WHAT IS BEING ASKED: Your job is to print, exactly, the lines in the data below from the line with "So I hope that" through the line with "So the first", both included, and to omit any picture.

MATERIAL TO PROCESS:
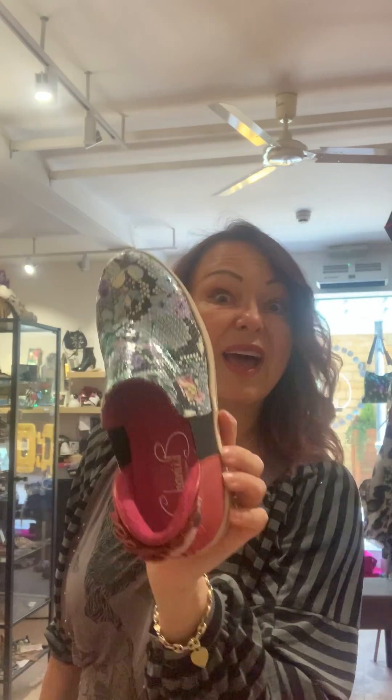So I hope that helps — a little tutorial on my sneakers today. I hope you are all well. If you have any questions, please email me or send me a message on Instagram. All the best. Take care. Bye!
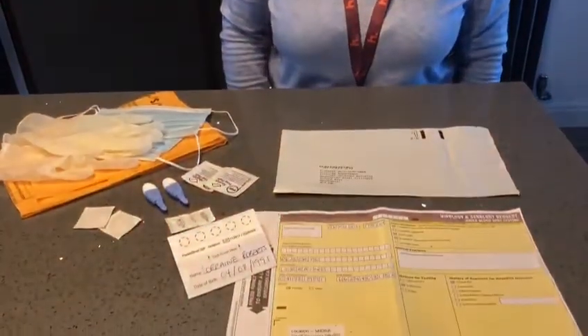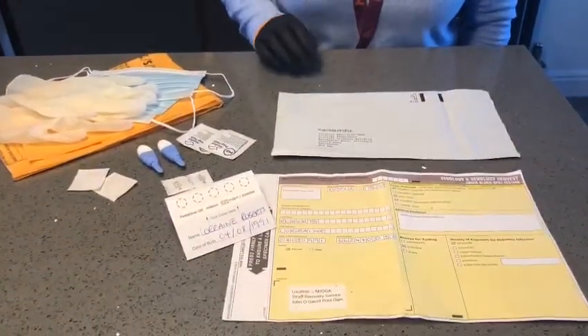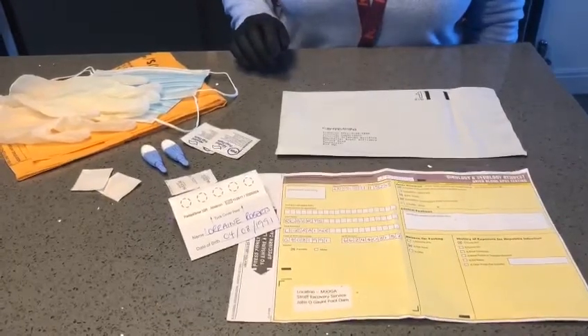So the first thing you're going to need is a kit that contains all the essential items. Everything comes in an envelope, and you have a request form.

--

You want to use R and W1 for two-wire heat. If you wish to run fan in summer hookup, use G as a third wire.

EXERCISE ANSWER:
So I hope that helps — a little tutorial on my sneakers today. I hope you are all well. If you have any questions, please email me or send me a message on Instagram. All the best. Take care. Bye!
So the first thing you're going to need is a kit that contains all the essential items. Everything comes in an envelope, and you have a request form.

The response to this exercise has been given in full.